By Brian Fung and Sara Ashley O'Brien, CNN Business
Updated: Wed, 18 May 2022 19:24:05 GMT
Source: CNN Business
New York Gov. Kathy Hochul announced a complaint on Wednesday against Amazon, alleging that the e-commerce giant has failed to provide reasonable accommodations to warehouse workers who are pregnant or with disabilities under state human rights law.
The complaint, filed privately Wednesday by the state's Division of Human Rights, concerns Amazon's alleged violation of state law by giving its worksite managers the ability to override reasonable accommodations recommendations by in-house Amazon officials — known as Accommodation Consultants — charged with reviewing such requests.
In one of several cases noted in the complaint, as outlined by Hochul's office, New York officials alleged a pregnant Amazon worker was forced into taking unpaid leave after being injured on the job lifting packages weighing more than 25 pounds despite having an approved accommodation exempting the worker from heavy lifting.
Hochul's office said the complaint "seeks a decision requiring Amazon to cease its discriminatory conduct, adopt non-discriminatory policies and practices regarding the review of requests for reasonable accommodations, train its employees on the provisions of the Human Rights Law, and pay civil fines and penalties to the State of New York."
Amazon spokesperson Kelly Nantel said in a statement to CNN Business that the company is "surprised" by Hochul's announcement, noting the company has been "cooperating and working closely" with the investigation into the matter and "had no indication a complaint was coming."
"Ensuring all our employees, including those with disabilities and expectant mothers, feel safe and supported is extremely important to Amazon and we have numerous programs to ensure that's the case," added Nantel. "While we don't always get it right with a workforce of over 1.6 million people, we work diligently to offer the best available options to accommodate individual situations."
As the country's second largest private employer, Amazon is known for its ultra-efficient warehouses that rely, in part, on closely tracking worker productivity and has faced scrutiny for high turnover rates and on-the-job injuries in recent years. The pandemic, during which Amazon's workers were deemed essential, only exacerbated concerns over workplace conditions.
But the company has been met with growing pushback from some workers and regulators during the pandemic, including in New York. Amazon has faced unionization efforts at two warehouse facilities in New York City, which recently garnered enough support to hold elections. Workers at the larger facility, known as JFK8, successfully voted in favor of doing so, becoming the first Amazon workers to formally unionize in the United States. Amazon is challenging the results.
Earlier this month, a New York appellate court dismissed a lawsuit brought by state Attorney General Letitia James concerning the company's pandemic response. Morgan Rubin, first deputy press secretary for James' office, said in a statement to CNN Business last week: "As our office reviews the decision and our options moving forward, Attorney General James remains committed to protecting Amazon workers, and all workers, from unfair treatment."
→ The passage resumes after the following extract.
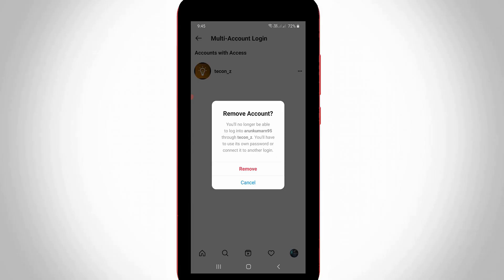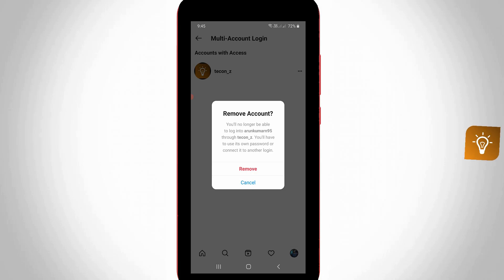Hello guys and welcome back to my YouTube channel Tekkons. Today I will show you how to remove multiple Instagram accounts using your Android mobile at the same time.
Amazon had previously disputed the claims in James' lawsuit. "We care deeply about the health and safety of our employees," the company said in a prior statement. "We don't believe the Attorney General's filing presents an accurate picture of Amazon's industry-leading response to the pandemic."
Meanwhile, following shareholder pressure, Amazon disclosed in a filing last month that it would conduct an audit to "evaluate any disparate racial impacts" of its policies on its US hourly employees.